Po zakończeniu testu Alan Pername przyznał, że jazda Robert Kubicy była jak za dawnych czasów. Dyrektor sportowy Renault nie chciał jednak określić, czy w przyszłości odbędą się ponownie takie jazdy.
- Była to jednorazowa impreza dla Roberta. Jego czas w Renault został za szybko przerwany, a wiązaliśmy z Robertem przyszłość. Testy w Walencji były dla Siergieja Sirotkina, ale nadarzyła się niezła okazja, żeby dać Kubicy jeden dzień testów. Daliśmy mu szansę sprawdzenia swoich sił w bolidzie F1 - powiedział Pername.
Dyrektor sportowy Renault podzielił się także wrażeniami, jakie sprawił na nim Robert Kubica. Wiadomo było już wcześniej, iż po testach krakowianin narzekał na przyczepność i docisk, ale był szczęśliwy.
- To na pewno było dla niego interesujące wydarzenie, a nam było miło zobaczyć go ponownie w bolidzie F1. Przetestował cały weekend Grand Prix w jeden dzień. Robert się zmienił, był łagodniejszy i nie był podekscytowany pytając o każdy detal ustawień bolidu.
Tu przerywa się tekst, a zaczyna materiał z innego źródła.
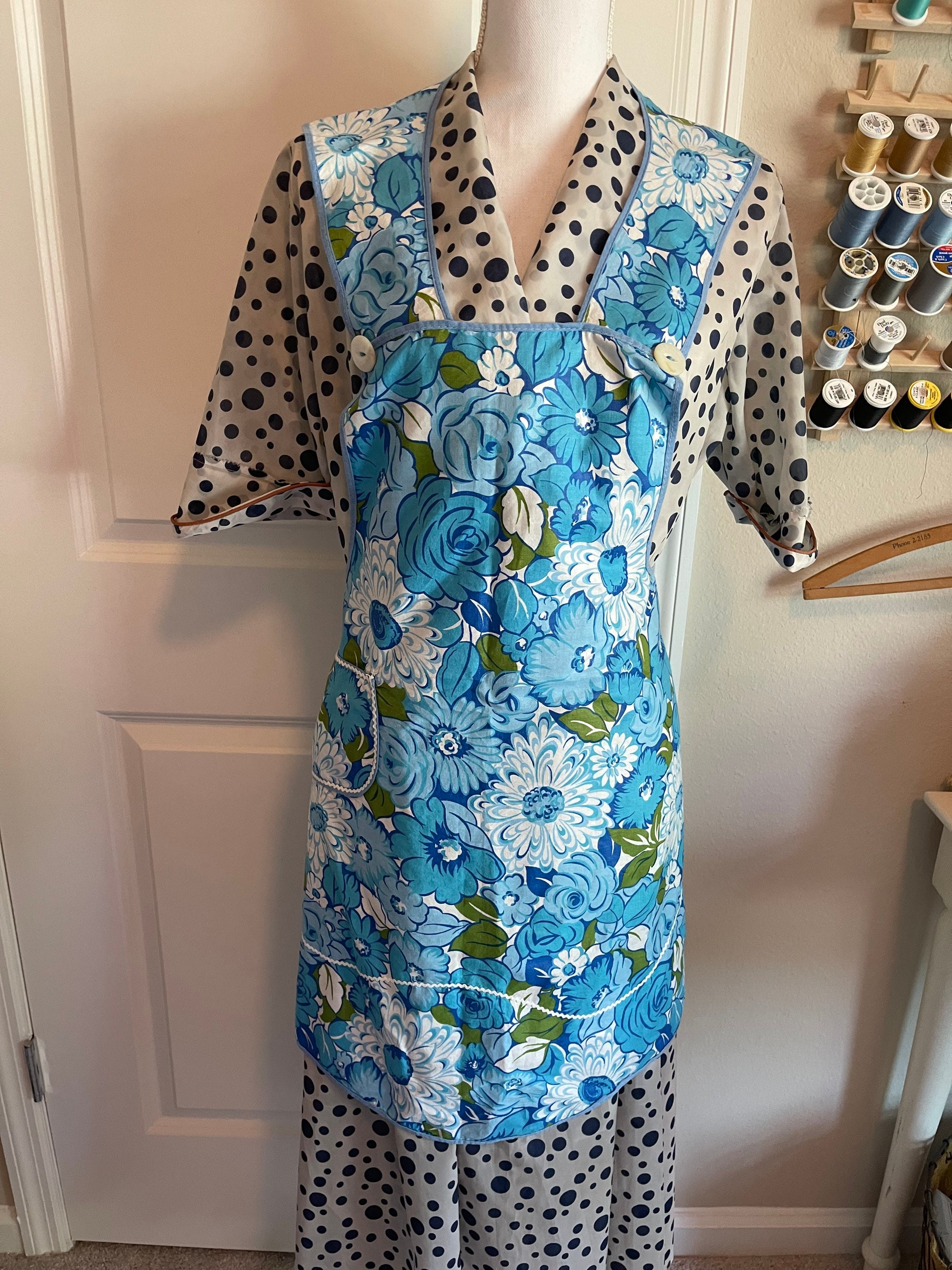 1940s Housewife Apron Full Coverage Blue and Green Floral Etsy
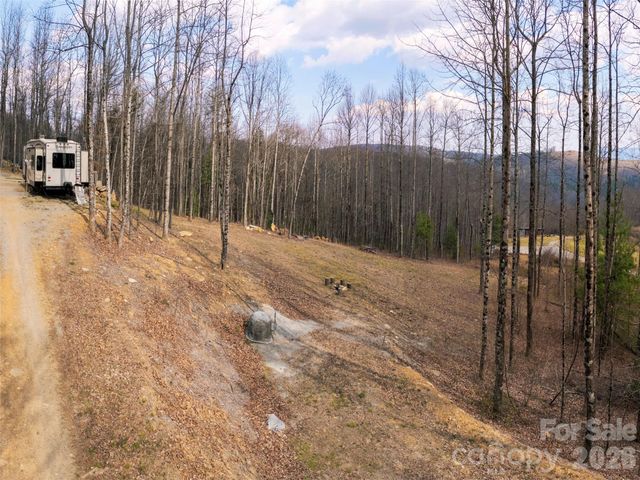 220 Simply Grateful Drive, Hendersonville, NC 28792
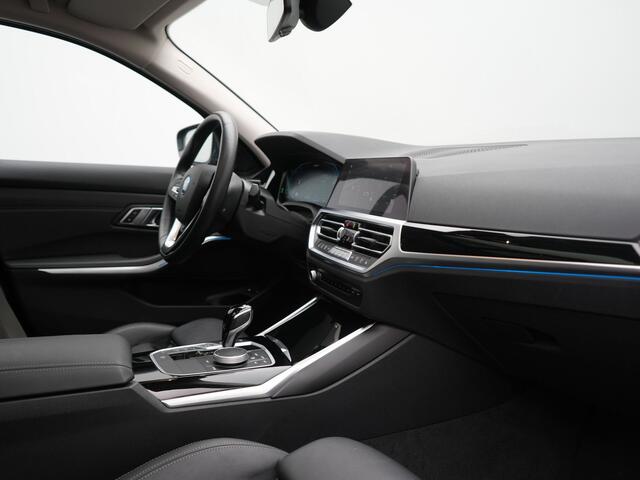 BMW 3-SERIE Touring 330e Sportline PHEV 293pk Dealer O.H. | Panodak | Adaptive Cruise | Head Up | Laser LED | 360 Camera | Lederen Sportstoelen Memory & Verwarmd | Stuur Verwarmd | Sfeerverlichting | Keyless | Blis | Apple Carplay | Hifi Audio | Plug In Hybrid |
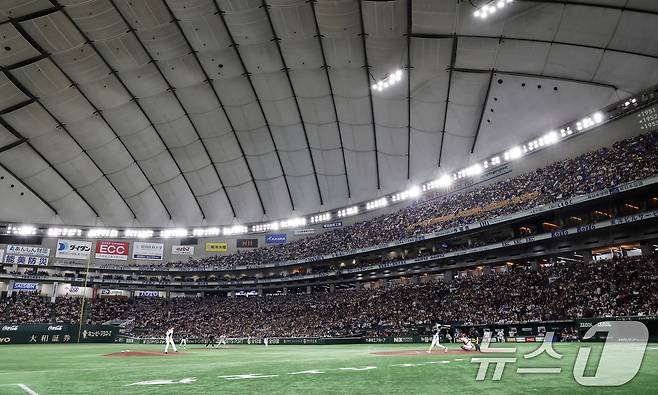 15일 오후 일본 도쿄돔에서 월드베이스볼클래식(WBC) 대비 평가전 '2025 케이 베이스볼 시리즈(K-BASEBALL SERIES)' 대한민국과 일본의 1차전 경기가 펼쳐지고 있다. 2025.11.15/뉴스1 ⓒ News1 구윤성 기자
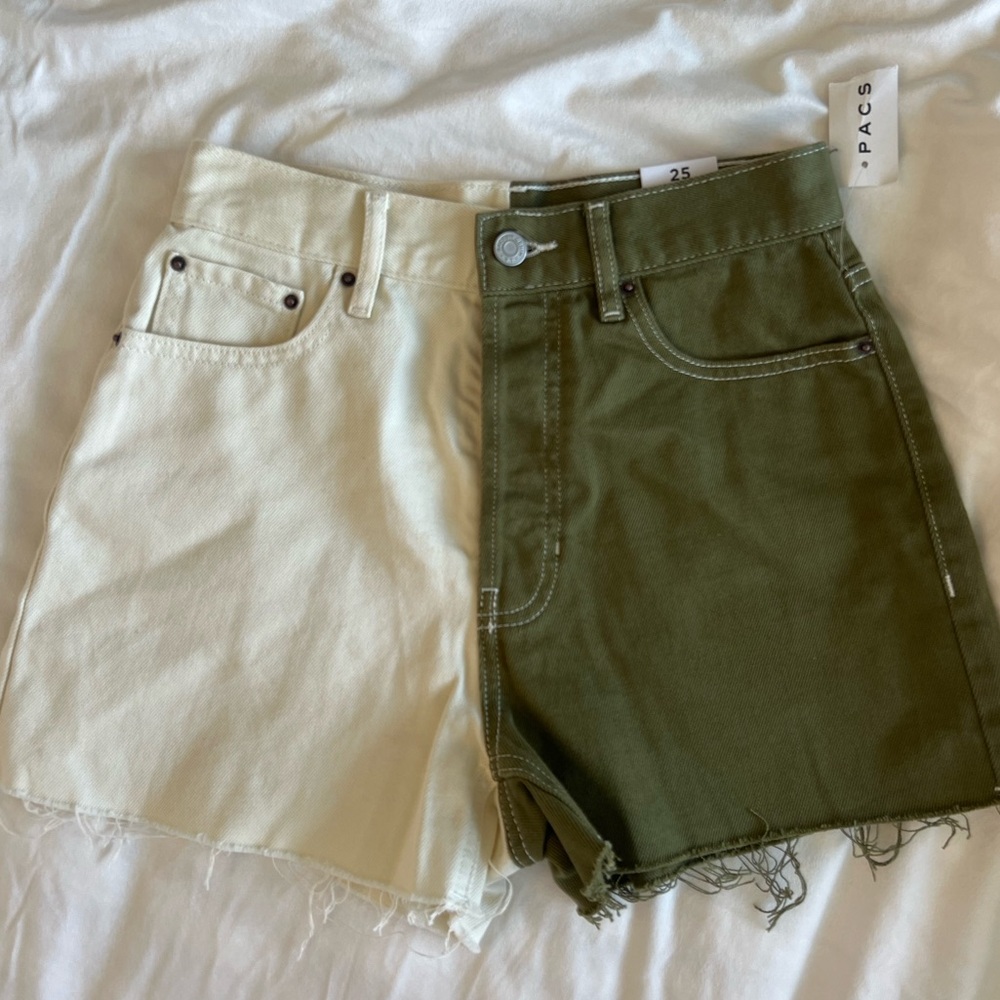 Two tone denim shorts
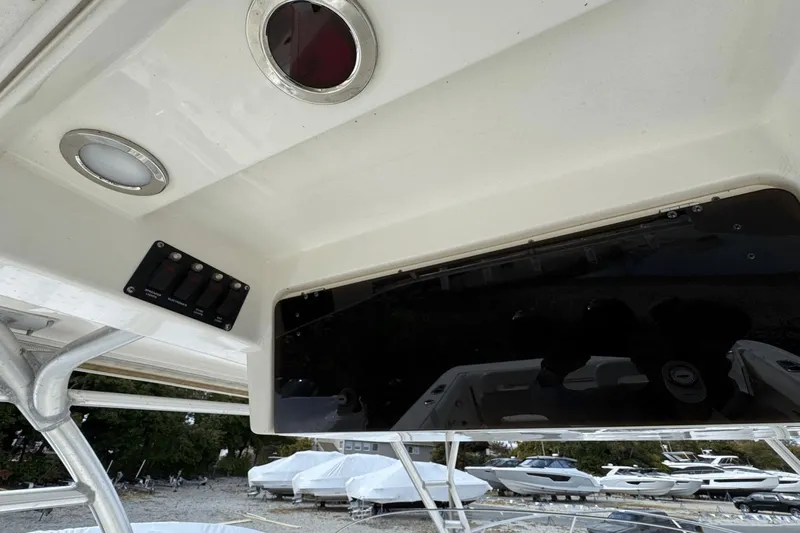 Slide: The Image of Boston Whaler 320 Outrage 2008 - 13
- Jednak jego komentarze sprawiły, że poczuliśmy się jak za dawnych czasów. Zdawaliśmy sobie sprawę, że powrót po sześciu latach przerwy może być trudny, ale Robert spisał się znakomicie - zakończył Pername.
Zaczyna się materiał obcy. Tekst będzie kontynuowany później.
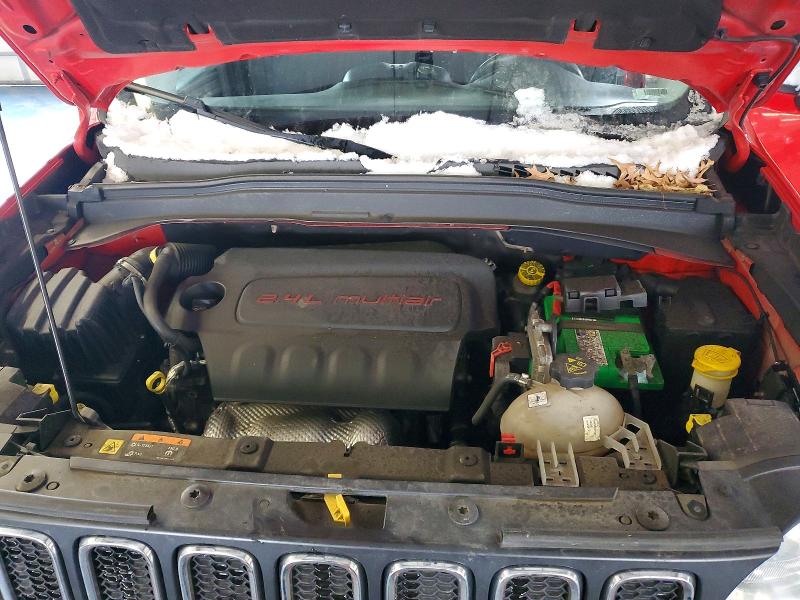 Photo 11 from auction – 2016 JEEP RENEGADE with VIN ZACCJABT7GPD49863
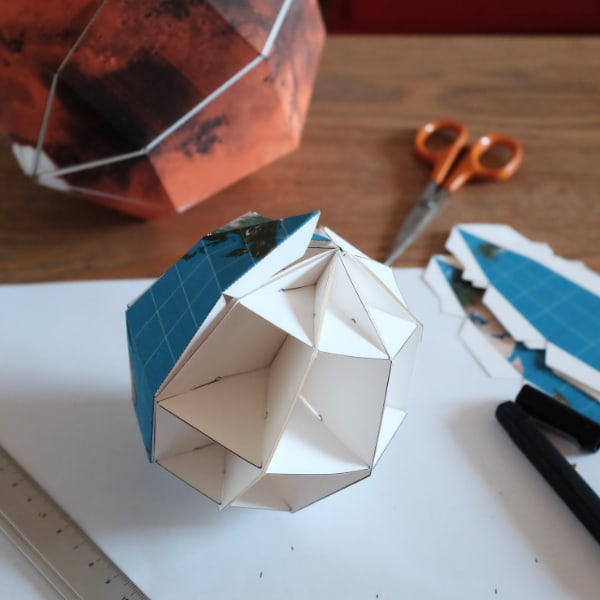 generate-your-paper-globe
Dla Roberta Kubicy prywatne testy Renault były powrotem za kierownicę bolidu F1 po ponad sześcioletniej przerwie. W lutym 2011 roku polski kierowca uległ poważnemu wypadkowi podczas Rajdu Ronde di Andora w którym doznał poważnych obrażeń, zwłaszcza prawej ręki. Teraz Polak chce wrócić do regularnego ścigania na torze.